A Feb. 12 memorandum from Community Development Director Julie Engebretsen to the council notes that the resolution specifically addresses beer and wine licenses for restaurants and eating establishments. The petition will not affect package stores, bars that serve hard alcohol, breweries or seasonal licenses.

“In Homer, we’ve been out of those licenses for a while,” council member Jason Davis said during the Feb. 24 meeting. “The only way an entrepreneur who wants to open a new business — a restaurant with a beer and wine license — is to buy one on the secondary market, where the prices have gotten kind of inflated because of the artificial shortage.”

The scheduled public hearing on the resolution stems from ABC’s recommendation that the city conduct “extra outreach.”

“According to the system, we don’t have to have a public hearing, we just have to pass a resolution. We could have done it tonight,” Davis said. “But when city staff was talking to the alcohol regulator about it, they said that any opposition that might be in the community ends up having to happen in Anchorage at the (regulator) board meeting.”

The number of licenses a city is allowed to have is determined by population. New alcohol regulations that went into effect in January 2024 created the petition process, which several cities in Alaska, the memo notes, have already gone through, including Soldotna and Haines.

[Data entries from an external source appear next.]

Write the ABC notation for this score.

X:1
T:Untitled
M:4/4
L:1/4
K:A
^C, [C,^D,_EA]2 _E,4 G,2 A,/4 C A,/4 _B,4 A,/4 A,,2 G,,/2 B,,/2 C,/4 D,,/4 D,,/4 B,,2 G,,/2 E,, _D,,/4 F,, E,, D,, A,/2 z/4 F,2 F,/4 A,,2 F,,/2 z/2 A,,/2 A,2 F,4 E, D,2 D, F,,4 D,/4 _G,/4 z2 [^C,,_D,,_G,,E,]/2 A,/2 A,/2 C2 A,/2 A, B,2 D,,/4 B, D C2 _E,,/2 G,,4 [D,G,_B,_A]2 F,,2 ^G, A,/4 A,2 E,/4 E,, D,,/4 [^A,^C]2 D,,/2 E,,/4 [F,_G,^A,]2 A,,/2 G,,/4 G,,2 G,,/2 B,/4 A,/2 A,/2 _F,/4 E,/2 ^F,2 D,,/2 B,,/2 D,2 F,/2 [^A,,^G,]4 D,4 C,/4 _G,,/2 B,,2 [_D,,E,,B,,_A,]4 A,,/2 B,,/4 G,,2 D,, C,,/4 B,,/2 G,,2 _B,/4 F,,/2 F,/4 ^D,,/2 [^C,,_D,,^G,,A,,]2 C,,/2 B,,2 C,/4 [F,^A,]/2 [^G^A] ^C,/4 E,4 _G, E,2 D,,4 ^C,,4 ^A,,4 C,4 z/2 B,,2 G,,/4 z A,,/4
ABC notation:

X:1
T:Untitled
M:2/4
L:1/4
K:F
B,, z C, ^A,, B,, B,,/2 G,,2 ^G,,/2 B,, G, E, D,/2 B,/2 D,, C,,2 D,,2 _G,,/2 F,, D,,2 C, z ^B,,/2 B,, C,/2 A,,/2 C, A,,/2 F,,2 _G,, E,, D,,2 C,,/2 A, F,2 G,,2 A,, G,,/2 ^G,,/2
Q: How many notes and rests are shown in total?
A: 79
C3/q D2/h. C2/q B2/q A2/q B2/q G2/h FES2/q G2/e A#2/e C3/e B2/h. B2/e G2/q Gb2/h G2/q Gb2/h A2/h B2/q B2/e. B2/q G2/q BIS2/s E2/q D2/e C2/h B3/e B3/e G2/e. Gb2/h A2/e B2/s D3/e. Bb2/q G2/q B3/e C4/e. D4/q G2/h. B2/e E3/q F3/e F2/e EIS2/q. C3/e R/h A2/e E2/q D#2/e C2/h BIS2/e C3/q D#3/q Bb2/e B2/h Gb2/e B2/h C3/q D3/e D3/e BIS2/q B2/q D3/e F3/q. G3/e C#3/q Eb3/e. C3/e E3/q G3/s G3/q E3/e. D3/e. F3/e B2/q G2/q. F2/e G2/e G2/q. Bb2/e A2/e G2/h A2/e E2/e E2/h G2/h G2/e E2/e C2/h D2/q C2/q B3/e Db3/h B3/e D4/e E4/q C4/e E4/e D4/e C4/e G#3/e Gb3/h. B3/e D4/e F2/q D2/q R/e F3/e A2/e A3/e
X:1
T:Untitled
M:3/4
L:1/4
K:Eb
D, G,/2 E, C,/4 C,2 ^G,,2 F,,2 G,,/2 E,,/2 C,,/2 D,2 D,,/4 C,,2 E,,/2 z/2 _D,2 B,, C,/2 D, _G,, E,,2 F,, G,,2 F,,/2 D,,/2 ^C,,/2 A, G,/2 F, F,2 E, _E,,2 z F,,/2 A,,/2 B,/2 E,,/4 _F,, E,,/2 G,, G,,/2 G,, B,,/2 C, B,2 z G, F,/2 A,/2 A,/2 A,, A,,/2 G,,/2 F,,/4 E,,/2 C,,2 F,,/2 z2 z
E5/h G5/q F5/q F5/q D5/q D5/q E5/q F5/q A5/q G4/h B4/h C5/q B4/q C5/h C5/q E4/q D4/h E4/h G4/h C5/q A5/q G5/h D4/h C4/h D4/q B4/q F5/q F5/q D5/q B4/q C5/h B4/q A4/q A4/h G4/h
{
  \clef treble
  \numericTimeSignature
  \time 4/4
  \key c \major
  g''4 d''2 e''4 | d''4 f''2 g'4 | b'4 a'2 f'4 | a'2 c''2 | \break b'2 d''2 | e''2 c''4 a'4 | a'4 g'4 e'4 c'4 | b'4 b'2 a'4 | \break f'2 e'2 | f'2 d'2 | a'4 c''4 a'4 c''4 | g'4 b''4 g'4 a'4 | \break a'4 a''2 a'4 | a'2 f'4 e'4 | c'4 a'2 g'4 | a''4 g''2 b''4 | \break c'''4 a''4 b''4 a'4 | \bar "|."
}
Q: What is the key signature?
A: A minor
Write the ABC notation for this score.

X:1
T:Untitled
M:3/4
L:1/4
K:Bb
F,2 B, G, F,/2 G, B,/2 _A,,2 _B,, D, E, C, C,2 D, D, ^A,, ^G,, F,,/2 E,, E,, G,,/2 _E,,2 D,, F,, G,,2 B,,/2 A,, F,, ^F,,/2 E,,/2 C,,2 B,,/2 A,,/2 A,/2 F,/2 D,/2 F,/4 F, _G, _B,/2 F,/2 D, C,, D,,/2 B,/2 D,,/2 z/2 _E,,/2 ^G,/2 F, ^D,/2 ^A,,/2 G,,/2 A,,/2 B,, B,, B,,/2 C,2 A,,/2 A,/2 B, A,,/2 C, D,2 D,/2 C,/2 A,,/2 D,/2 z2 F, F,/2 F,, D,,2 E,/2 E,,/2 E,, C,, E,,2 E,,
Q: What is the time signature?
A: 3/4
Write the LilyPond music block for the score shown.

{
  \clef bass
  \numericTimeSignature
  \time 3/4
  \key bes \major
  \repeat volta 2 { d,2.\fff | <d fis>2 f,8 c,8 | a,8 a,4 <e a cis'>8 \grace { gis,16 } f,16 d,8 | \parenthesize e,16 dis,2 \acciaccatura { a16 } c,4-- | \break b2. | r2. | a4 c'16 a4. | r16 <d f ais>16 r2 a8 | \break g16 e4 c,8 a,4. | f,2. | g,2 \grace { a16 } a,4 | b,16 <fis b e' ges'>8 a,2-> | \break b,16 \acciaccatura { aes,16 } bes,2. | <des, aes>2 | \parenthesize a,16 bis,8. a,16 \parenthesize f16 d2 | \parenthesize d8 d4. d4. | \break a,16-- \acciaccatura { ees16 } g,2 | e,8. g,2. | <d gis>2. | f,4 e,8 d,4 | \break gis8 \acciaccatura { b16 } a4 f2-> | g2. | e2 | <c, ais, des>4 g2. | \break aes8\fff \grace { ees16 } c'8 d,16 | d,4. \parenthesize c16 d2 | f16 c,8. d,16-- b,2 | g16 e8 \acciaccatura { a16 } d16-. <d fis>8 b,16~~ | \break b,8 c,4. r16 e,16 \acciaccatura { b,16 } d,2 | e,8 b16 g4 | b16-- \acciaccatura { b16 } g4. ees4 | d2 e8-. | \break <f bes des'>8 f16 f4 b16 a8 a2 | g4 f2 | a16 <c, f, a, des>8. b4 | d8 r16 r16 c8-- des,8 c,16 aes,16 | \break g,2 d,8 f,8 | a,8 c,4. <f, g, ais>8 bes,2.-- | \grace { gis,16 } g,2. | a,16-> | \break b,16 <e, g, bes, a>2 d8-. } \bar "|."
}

The city is seeking the additional 10 licenses based on the volume of visitors to Homer.

“According to cellphone data, more than 400,000 people visited Homer in 2024 from a distance of 50 miles or more outside Homer,” Engebretsen wrote in the memo. “The tourism and visitor industry are strong drivers in Homer’s noteworthy restaurant scene and drive demand for the sale of beer and wine in local eateries.”

Find Resolution 25-016 and supplemental materials in full at www.cityofhomer-ak.gov/citycouncil/city-council-regular-meeting-327.